The second level, a night stage, is also set on Mikonos and provides a dramatic change of pace as you control Sonic in his werehog form. The new form isn't big on speed and relies more on melee with his powerful arms. As it happens, there are plenty of targets that litter Mikonos when the lights get low. It looks like there's more puzzle solving to the werehog levels. For example, you'll have to clear enemies or find items to unlock the way forward, which makes for different level pacing. There's definitely some satisfaction from smacking around mobs of enemies, beat-'em-up style, but we wish there were a few more moves or combos in the demo.
The game's control scheme is about as accessible as all the Sonic games have been. You really just have to worry about jumping, attacking, and steering Sonic on the right path during the daytime levels. The night levels are slower and are more conventional since you're exploring, beating up enemies, and doing a bit of platforming.
The visuals in the game are coming together nicely. The game sports a new graphics engine, dubbed the hedgehog engine by the team, which is pumping out sharp visuals. Sonic is looking good, though pretty different when he's in werehog form, and he animates well. The environments vary in quality depending on the gameplay of a level. The daytime level looked good but featured only a modest amount of detail, which is fine considering how fast you fly by things. Sonic's sense of speed is called out with motion blur and a variety of different screen effects. Most importantly, the camera stays lively and zooms in and out during the action, offering a 2D feel to many of the sections in the level. The night levels are considerably slower and feature much more detail to accommodate the different style of gameplay. The camera doesn't change up much, although it can get itself in some weird angles.
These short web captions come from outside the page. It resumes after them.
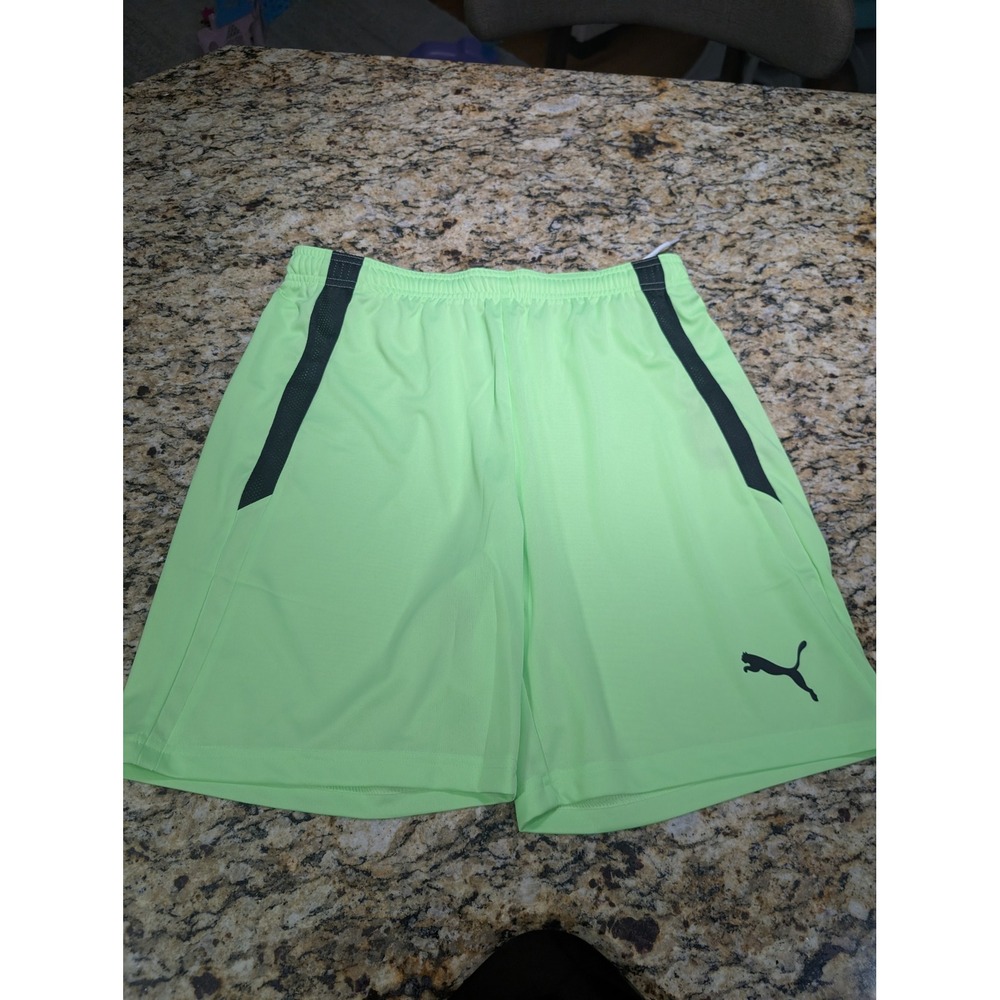 Bnwt Puma Mens DryCell Athletic Shorts Neon Lime Green Black Stripe Size Medium
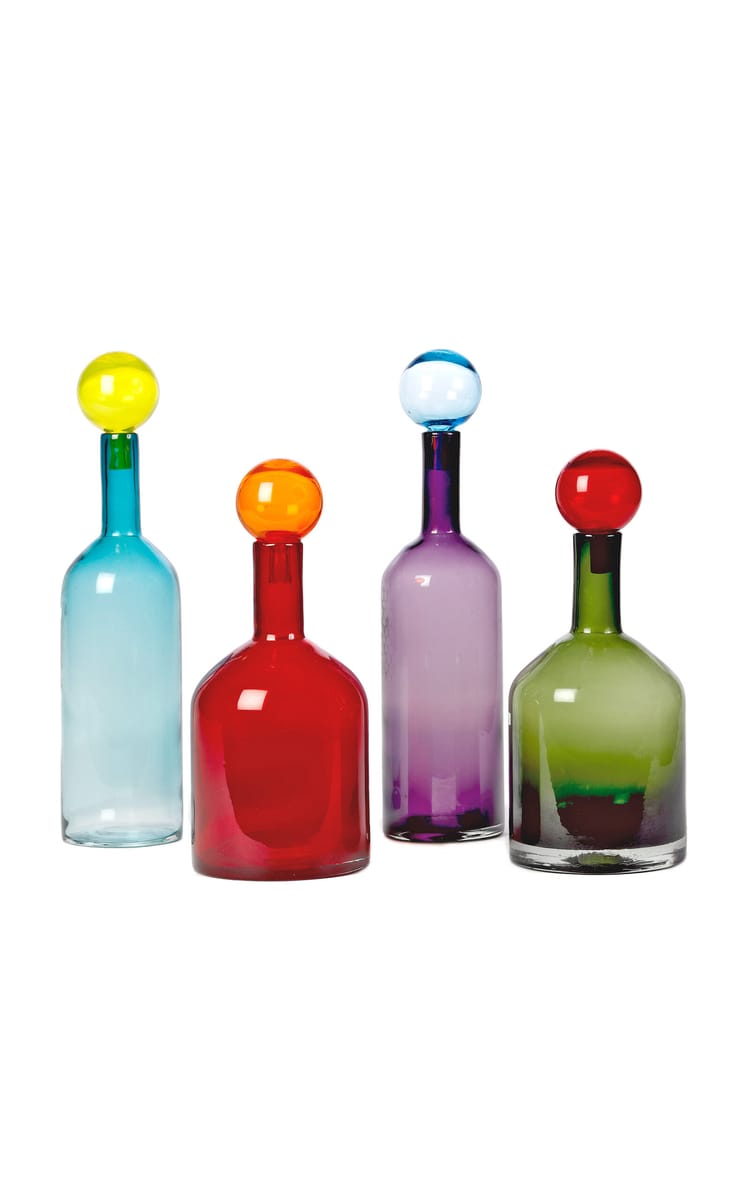 Set-Of-Four Bubbles & Bottles Glass Ornaments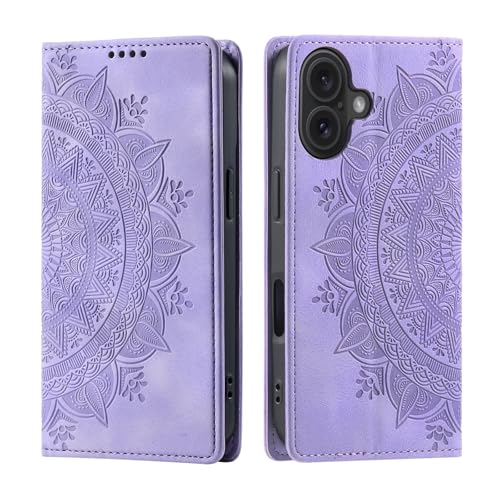 CASEONJAN Handyhülle für iPhone 16 Hülle, PU Leder Klapphülle [Kartenfach], Flip Wallet Case Handytasche Prägung Schutzhülle für iPhone 16 (Vintage Lila) von CASEONJAN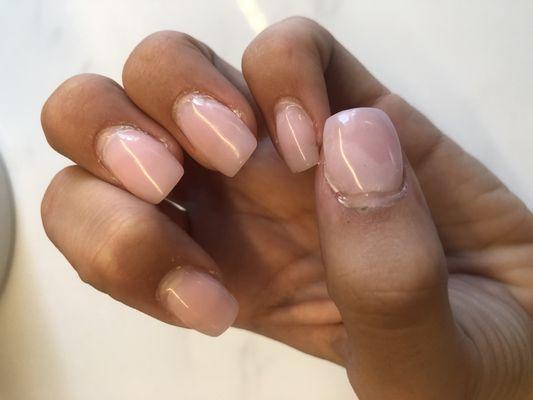 almost all nails are peeling and when first applied, they didnt clean nails therefore leaving dirt under them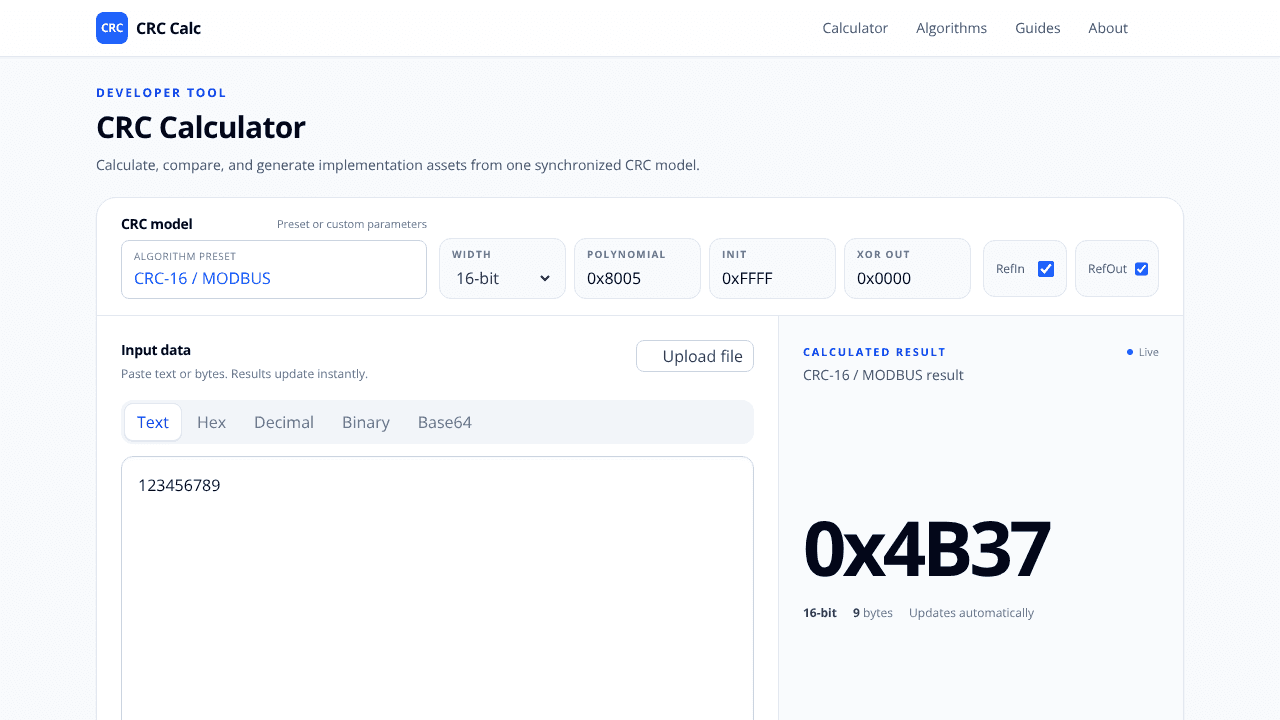 Online CRC Calculator & Table Generator website screenshot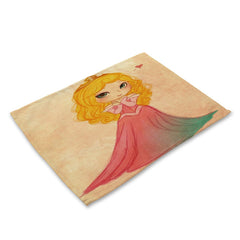 Cotton Linen Table Mat Cartoon Girls - Beauti Homes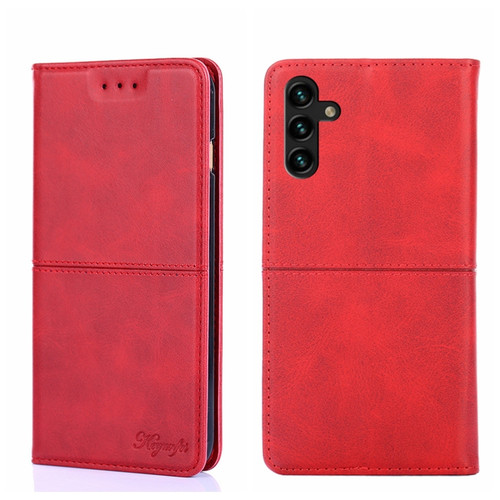 Samsung Galaxy A13 5G Cow Texture Magnetic Horizontal Flip Leather Phone Case - Red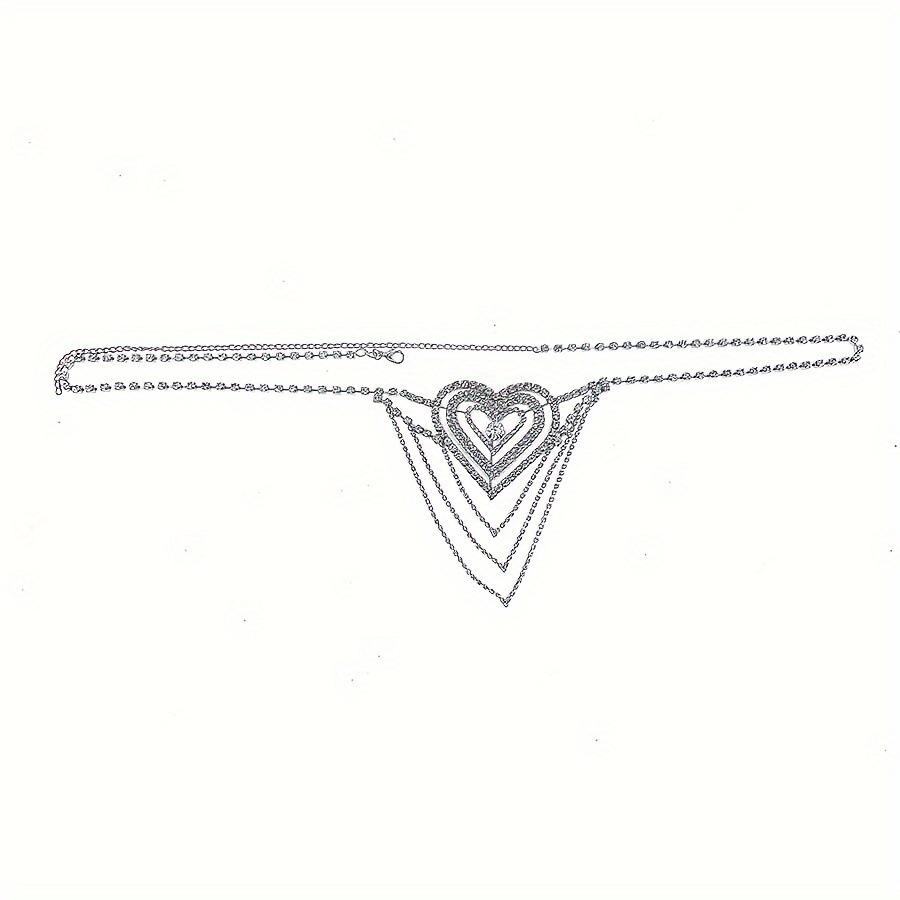 Catena Corpo Cuore Strass Lucidi Mutandine per Donne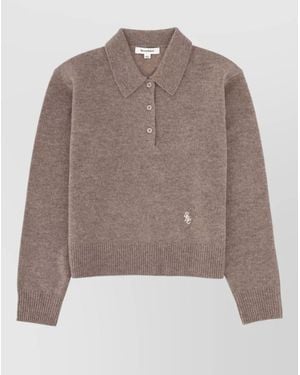 Sporty & Rich Cashmere Knit Polo Shirt Long Sleeves - Brown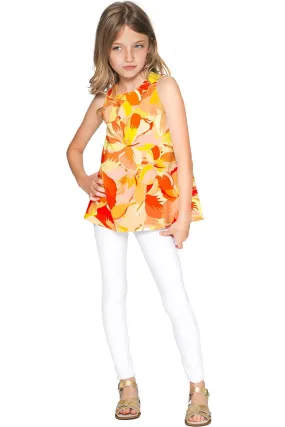 Flaming Hibiscus Emily Yellow Summer Sleeveless Top - Girls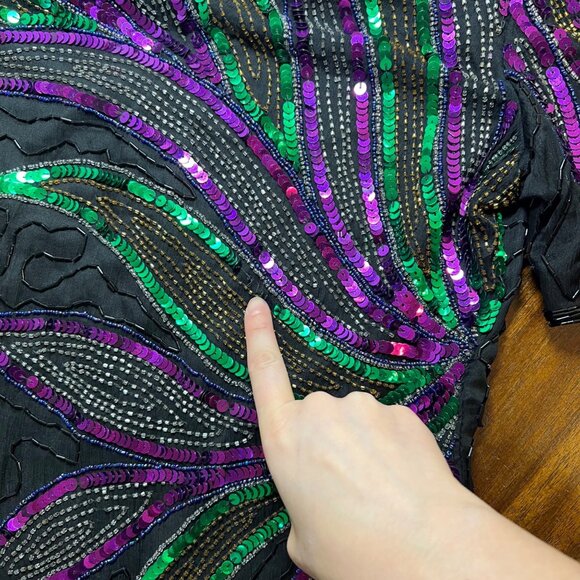 Stenay Sequins Parisian Party Event Dress Designer Money Bling New Years Small - Picture 14 of 15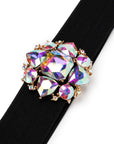 Cintura elastica nera, con fiore in vetro crystal - Mya Accessories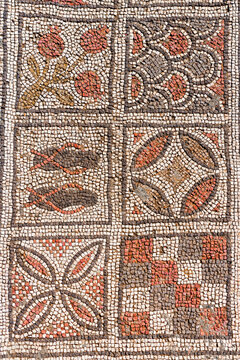 Northern Cyprus, mosaics of the Basilica of Agias Trias in the Karpas Peninsula representing a pair of the sandals of pilgrims 
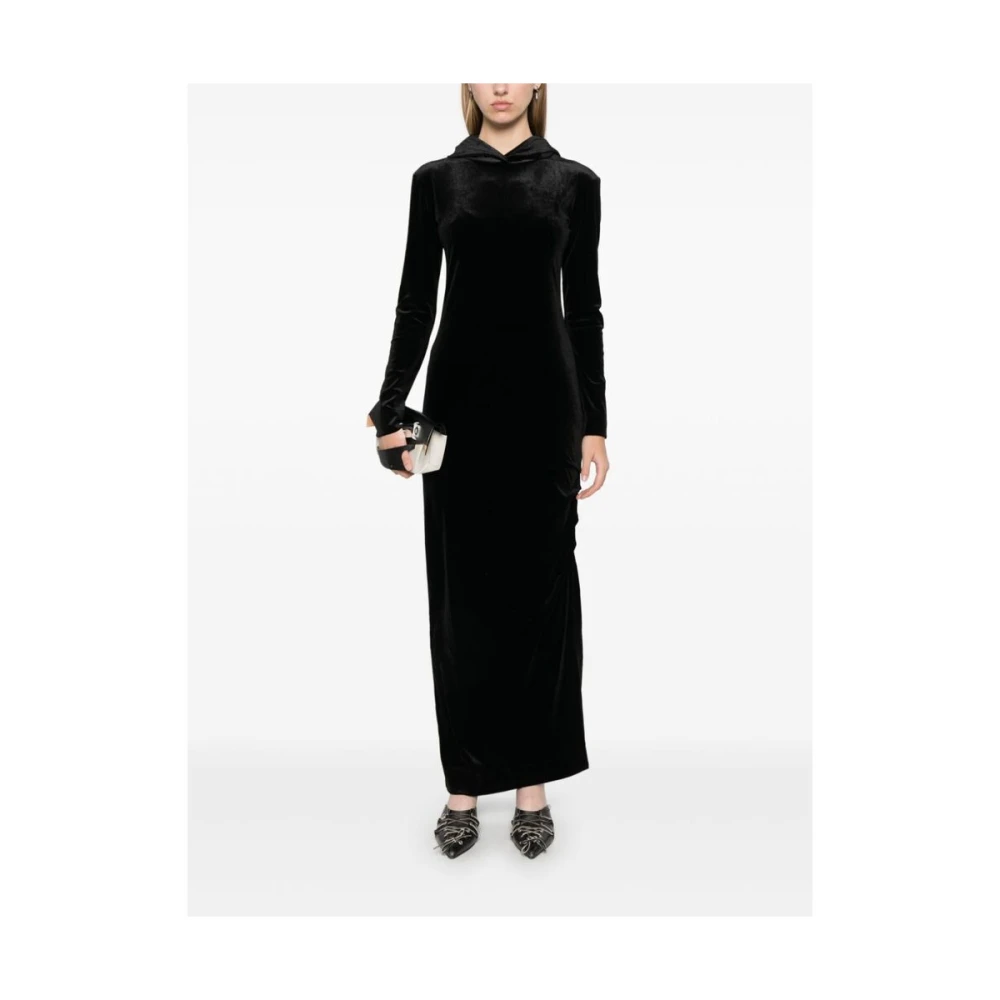 Avavav Zwarte Velours Hoodiejurk met Gerimpelde Details Black Dames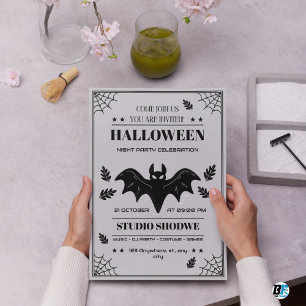 Svart och Grått Vintage Halloween fest Firande Inbjudningar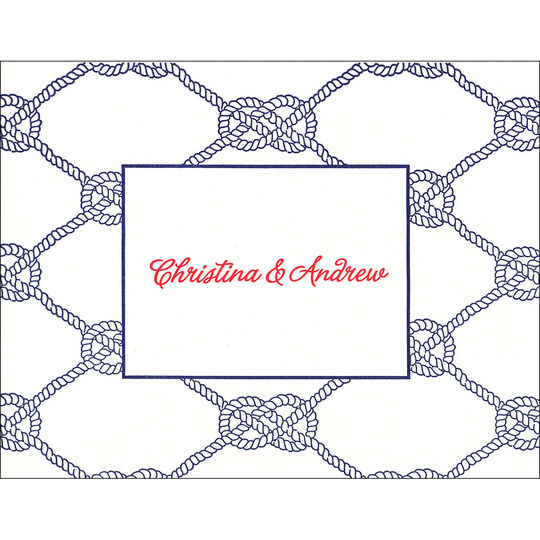 Nautical Rope Folded Note Cards - Letterpress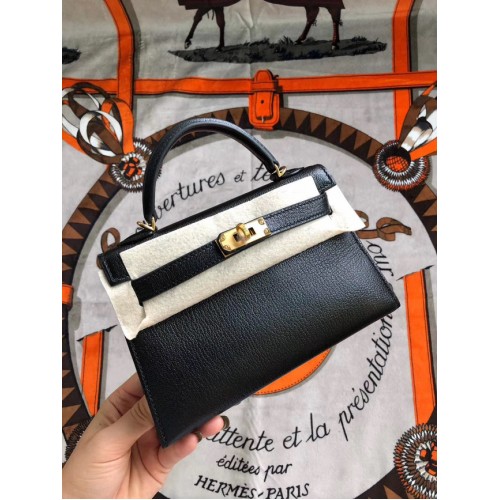 Hermes original mini Kelly chevre mysore K19CM black&Gold Metal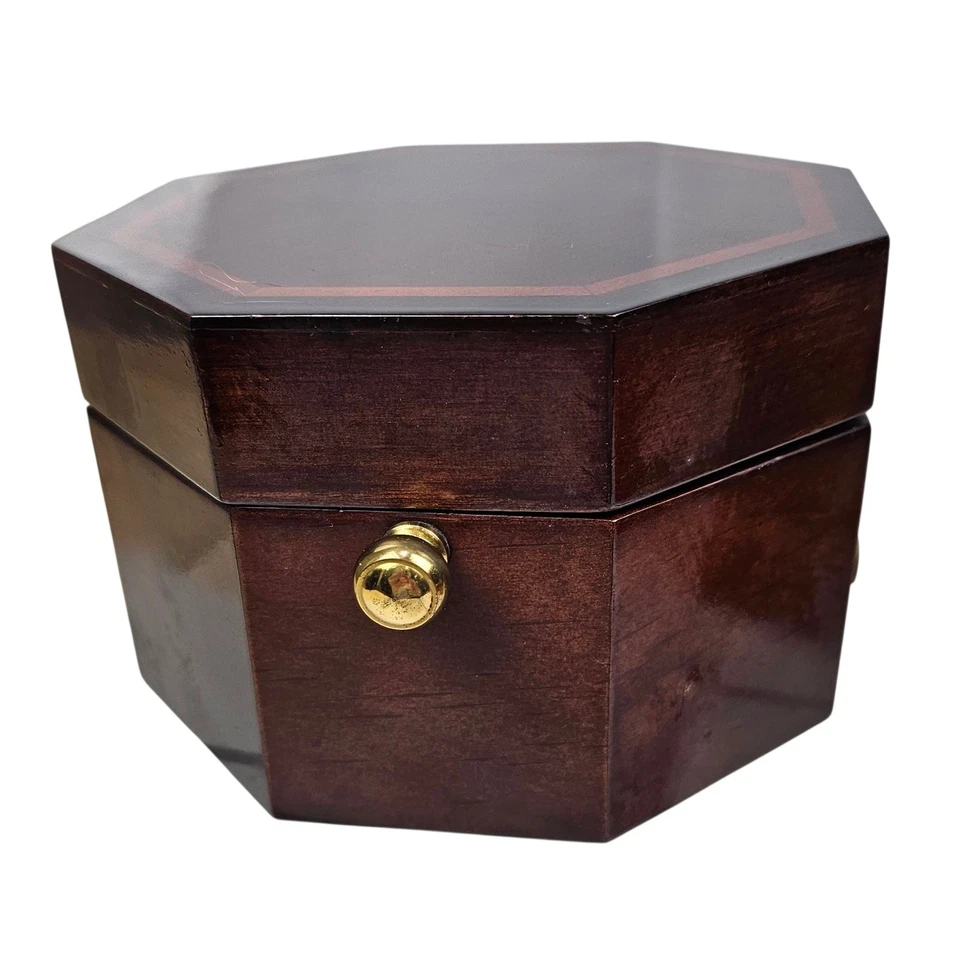 Bombay Company 1994 reloj octágono madera sobremesa números romanos cuarzo latón acento Foto 4 de 4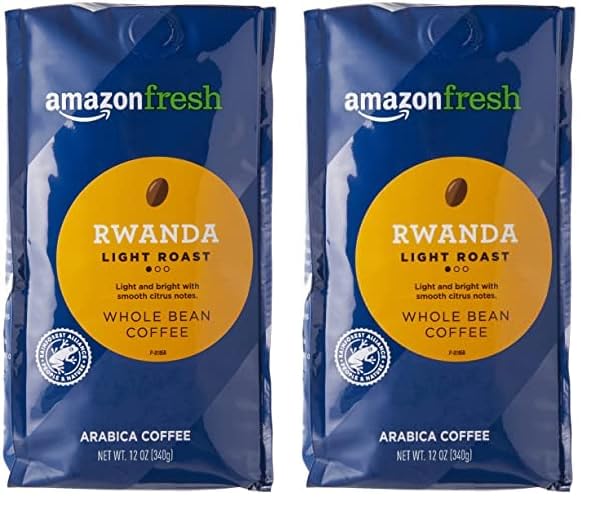 AmazonFresh Rwanda Whole Bean Light Roast Coffee 12oz Pack of 2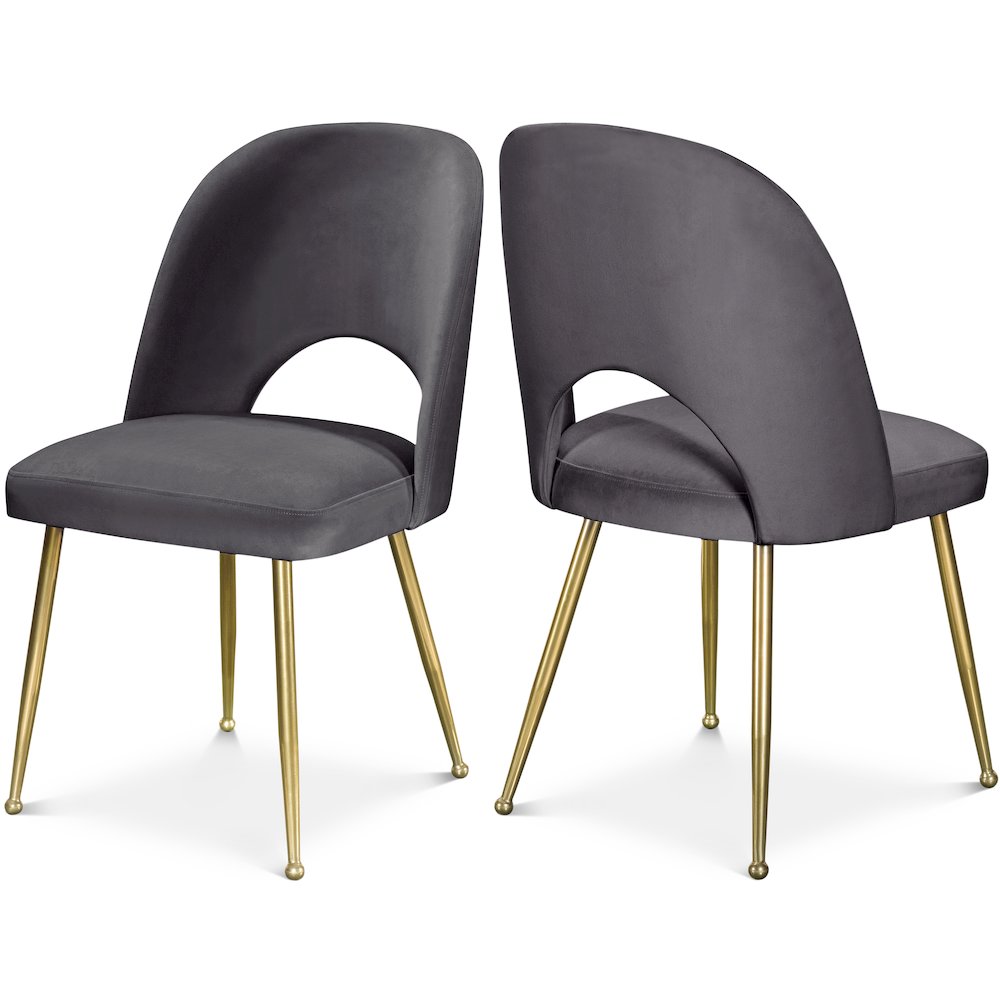 Logan Grey Velvet Dining Chair, Set of 2. Picture 1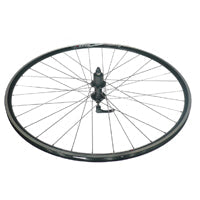 WHEEL 700c Alex DA-22 D/w Black Rim W/msw , 7 Speed Black Joytech Cassette (130mm OLD) Q/r Alloy hub , Silver Mach1 Spokes .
Based on what we played, Sonic Unleashed definitely has potential. The daytime levels have a good feel to them, and the action stays fast. The night levels have a very different feel to them that's a bit jarring. We'll need to put some more time in with them because at the moment we're not totally sold on this werehog business, given how much it breaks up the flow of things, but we'll see. Sonic fans will want to keep an eye out for Sonic Unleashed when it ships later this year.